Cinéma

Anne Gruwez est montée sur scène et a pris la parole aux César. Jusqu'à la garde et Les Frères Sisters triomphent, au contraire du Grand Bain.

La tradition a été respectée lors de la 44 e cérémonie des César. Les deux comédies qui dominaient les nomination, Le Grand Bain et En Liberté !, ne laissent quasiment aucune trace au palmarès. Seul Philippe Katerine empêche les nageurs de Gilles Lellouche de couler à pic, avec un César du meilleur rôle secondaire masculin. Pour Pierre Salvadori, par contre, c’est la bérézina: pas la moindre récompense.

Comme d’habitude, c’est un drame au box-office modeste (373 768 entrées, soit le deuxième plus mauvais score de toute l’histoire des César pour un meilleur film) qui décroche la timbale: Jusqu’à la garde. Avec quatre César, dont celui du meilleur film, de la meilleure actrice pour Léa Drucker, du scénario et du montage, le drame poignant de Xavier Legrand sur la violence conjugale n’a pas laissé grand-chose à la concurrence.

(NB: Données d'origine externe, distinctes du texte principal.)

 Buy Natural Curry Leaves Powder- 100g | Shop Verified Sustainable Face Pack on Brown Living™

Seul Jacques Audiard fait mathématiquement aussi bien avec Les Frères Sisters, César de la réalisation (déjà son troisième pour le recordman absolu des prix en France), des décors, de la photo et du son.

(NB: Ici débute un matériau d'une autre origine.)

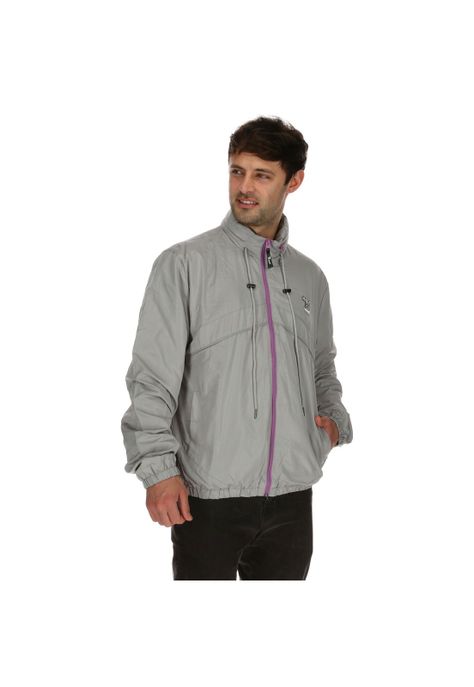 Chaqueta Hombre Wind Breaker Ls Gris 7Veinte-3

Alex Lutz s’en sort aussi honorablement, puisqu’il est sacré meilleur acteur pour Guy, sa formidable réalisation aussi couronnée pour la musique.

Et les Belges ? Ils s’en tirent un peu mieux que prévu. Benoît Debie a ouvert le bal de nos récompenses avec le César de la meilleure photographie pour Les Frères Sisters de Jacques Audiard. “C’est gentil, a déclaré tout sourire l’ancien collaborateur des frères Dardenne. Je tiens à remercier Jacques. C’est très important pour moi aussi de remercier toute mon équipe. Le film a été assez long et ils ont tenu jusqu’au bout. Je remercie aussi tous les réalisateurs qui m’ont permis d’arriver jusqu’ici.”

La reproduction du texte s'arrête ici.